Efficacy and Safety of MCO-010 Optogenetic Therapy in Adults With Retinitis Pigmentosa [RESTORE] (RESTORE)

A Phase 2b Randomized, Double-Masked, Sham-Controlled, Study to Evaluate the Efficacy and Safety of Intravitreal Injection of MCO-010 Optogenetic Therapy in Adults With Retinitis Pigmentosa [RESTORE]
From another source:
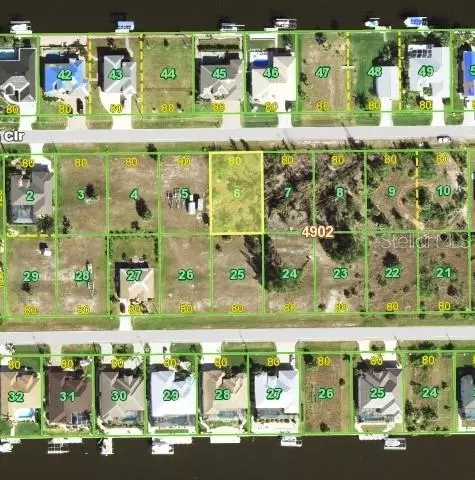 15625 Aqua Cir, Port Charlotte, FL 33981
The purpose of the study is to evaluate the safety and efficacy of a single intravitreal injection of virally-carried Multi-Characteristic Opsin (MCO-010).

Study Overview

• Status: Completed
• Conditions: Eye Diseases; Retinal Degeneration; Retinal Diseases; Retinitis Pigmentosa; Retinitis; Eye Diseases, Hereditary; Retinal Dystrophies
• Intervention / Treatment: Procedure: Sham Injection; Biological: Gene Therapy Product-MCO-010

Detailed Description

This multicenter, randomized, double-masked, sham-controlled, dose-ranging study will evaluate 2 dose levels of MCO-010 in up to 18 subjects with retinitis pigmentosa (9 per dose). An additional nine subjects will receive sham injection. Subjects with a confirmed diagnosis of Advanced Retinitis Pigmentosa (RP) based on clinical examination, dilated fundus examination, and genetic testing will be considered for participation in this study. All subjects will continue to be assessed for 100 weeks following treatment with MCO-010.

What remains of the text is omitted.